__Task to carry out__
For this exercise, copy all the data exactly and include none of the pictures.

__Supplied data__

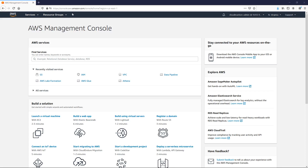Hello guys, welcome back. Today we're going to continue to work with AWS Lake Formation. We're going to create our first database, register our first data lake location, and provide necessary permissions for our dev user to allow him to read our data.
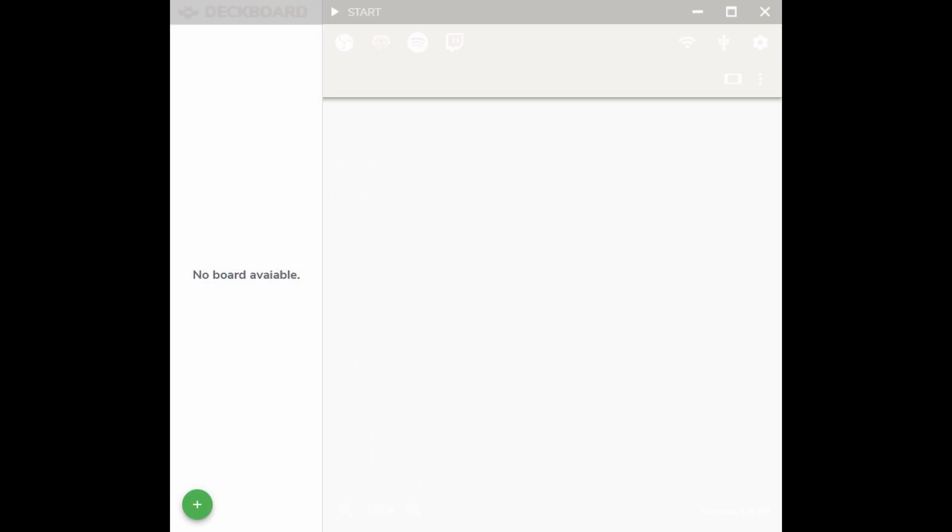Today we're going to talk about DeckBoard, which is a stream deck alternative. It may not have all of the functionality of a stream deck, but the majority of the functions are there which will make your streaming so much easier.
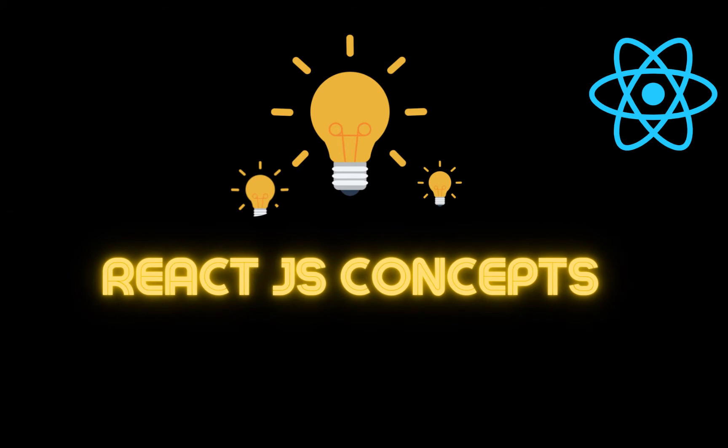You are once again welcome. Today we are going to have a look at React.js concepts. It's really important to understand the concept behind React.js so that you better understand what is going on.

__Solution for this exercise__
Hello guys, welcome back. Today we're going to continue to work with AWS Lake Formation. We're going to create our first database, register our first data lake location, and provide necessary permissions for our dev user to allow him to read our data.
Today we're going to talk about DeckBoard, which is a stream deck alternative. It may not have all of the functionality of a stream deck, but the majority of the functions are there which will make your streaming so much easier.
You are once again welcome. Today we are going to have a look at React.js concepts. It's really important to understand the concept behind React.js so that you better understand what is going on.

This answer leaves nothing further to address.